Meta-analysis of the associations between independent novel genetic loci and hepatic triglyceride content in four independent European cohorts. Proxy variants were used for variants not available in the replication cohorts (r2 > 0.4 within a window of 1.5 Mb around each lead variant in the UK Biobank) as marked with an asterisk. Pooled effect estimates were calculated using inverse-variance-weighted fixed-effect meta-analysis. Genomic loci in bold are those with a P-value < 0.05 in the fixed-effect model. Full summary statistics have been reported in the Supplementary Table 12. P-values are two-sided and not adjusted for multiple testing.

Figure 5:. Association between 26 previously known and 6 novel replicated genetic loci and circulating triglycerides in the UK Biobank.

The heatmap shows the Z-score of associations for the effect (risk) allele in Europeans (n=397,780) after excluding individuals with available PDFF or liver iron corrected T1 (n=36,748). Upper and lower boxes correspond to liver iron corrected T1 and PDFF genetic loci, respectively. Novel replicated genetic loci have been marked in blue. Full summary statistics have been reported in Supplementary Table 13. P-values were not corrected for multiple hypothesis testing.

Figure 6:. Polygenic risk scores (PRS) dissect a liver specific (discordant) and a cardiometabolic (concordant) subtypes of steatotic liver disease.

The case-control (A) and prospective (B) association between 2 clustered PDFF-circulating TGs PRS and liver-related, cardiometabolic, and chronic kidney failure traits in the UK Biobank. Effect plot of the association between concordant and discordant PDFF-circulating TGs PRS with each disease was tested using either logistic (A) or Cox proportional hazard (B) regression analysis adjusted for BMI, age, sex, agexsex, age² and age²xsex, first 10 genomic principal components and array batch. X-axis shows either the odds ratio (OR) or hazard ratio (HR). All association analyses have been performed after excluding individuals with available PDFF. Full summary statistics have been reported in Supplementary Table 15. P-values were not corrected for multiple hypothesis testing. TG: triglyceride; PDFF: proton density fat fraction; HCC: hepatocellular carcinoma; PRS: polygenic risk scores.

Figure 7:. mRNA expression of loci from the liver specific (discordant) polygenic risk score is more abundant in the liver compared to the visceral adipose tissue (VAT).

Differential expression analysis of paired liver and VAT bulk RNA-Seq data for mapped gene sets of concordant and discordant PRS. The lower right bar plot shows the fraction of upregulated differentially expressed (DE) genes in the liver compared to VAT. The enrichment of PRS clusters with upregulated DE genes in the liver was calculated using one-sided Fisher’s exact test.

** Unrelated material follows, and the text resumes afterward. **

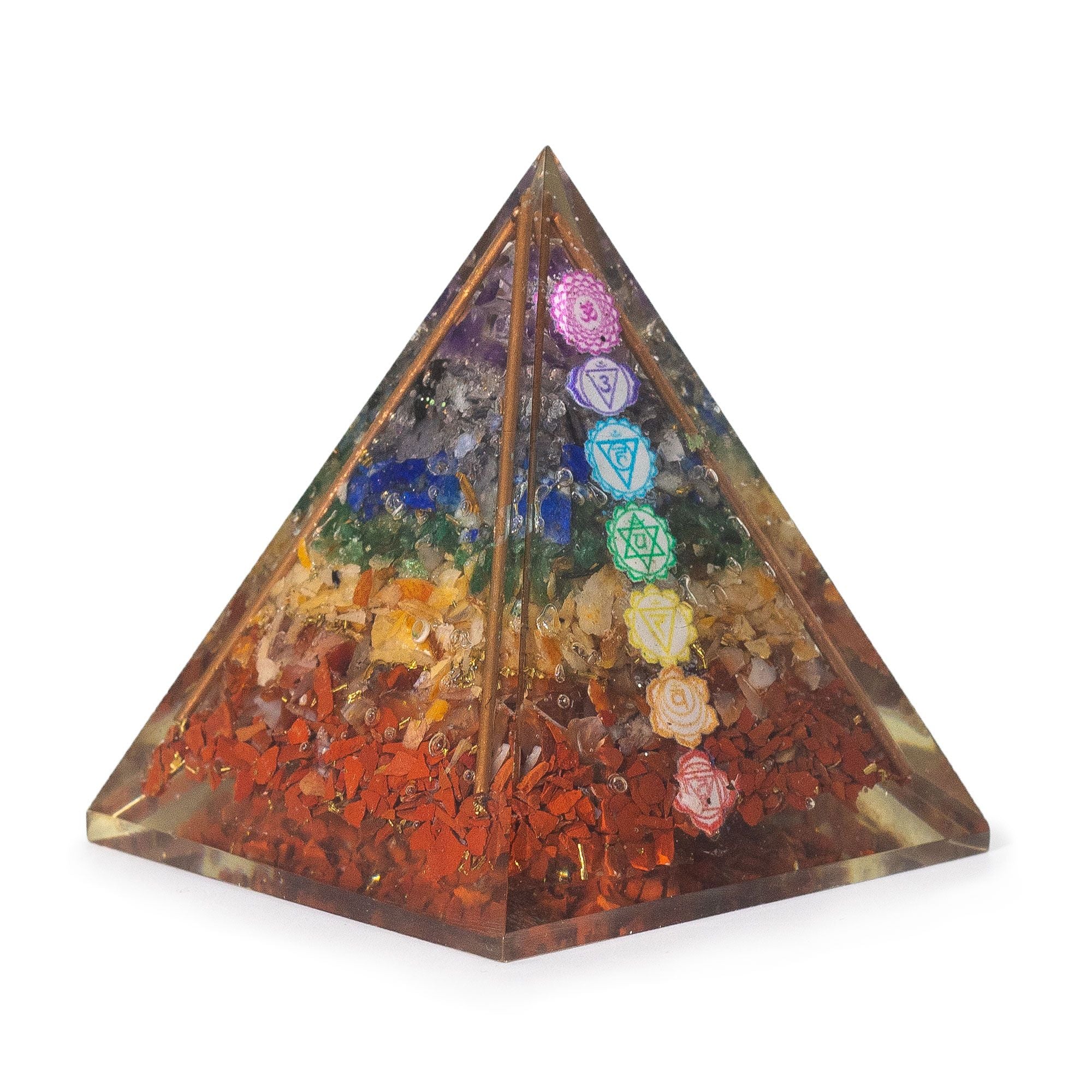 Mellemstor Orgonit Pyramide 7x6 cm med Kobberstænger og 7 Chakra Sten - Flerfarvet Element af Energetisk Harmoni som Gave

VAT: visceral adipose tissue; FC: fold change; FDR: false discovery rate.

Figure 8:. Putative model of the two different types of MASLD.

A) In the liver specific MASLD, the primary increase in the liver triglyceride content is due to the hepatic retention of very low-density lipoproteins (VLDL). This retention is causally related to liver inflammation, fibrosis, and hepatocellular carcinoma. In this type of MASLD, the higher risk of diabetes is due to the degree of liver fibrosis, while the lower risk of cardiovascular disease (CVD) to lipoprotein retention. B) In the cardiometabolic MASLD, the liver is entwined in the crosstalk among metabolic organs. In this type of MASLD, a dysfunctional visceral adipose tissue may increase the diabetes risk and may release free fatty acids that are incorporated into triglycerides in the hepatocytes causing liver steatosis. In turn, liver steatosis causes an overproduction of VLDL with a subsequent increase in circulating low-density lipoproteins (LDL) resulting in a higher risk of CVD. Additionally, the cardiometabolic MASLD associates with an increased blood pressure resulting in kidney failure and further increasing the CVD risk. This figure was created with BioRender.com. CKD: chronic kidney disease (failure); VAT: visceral adipose tissue; LD: lipid droplets.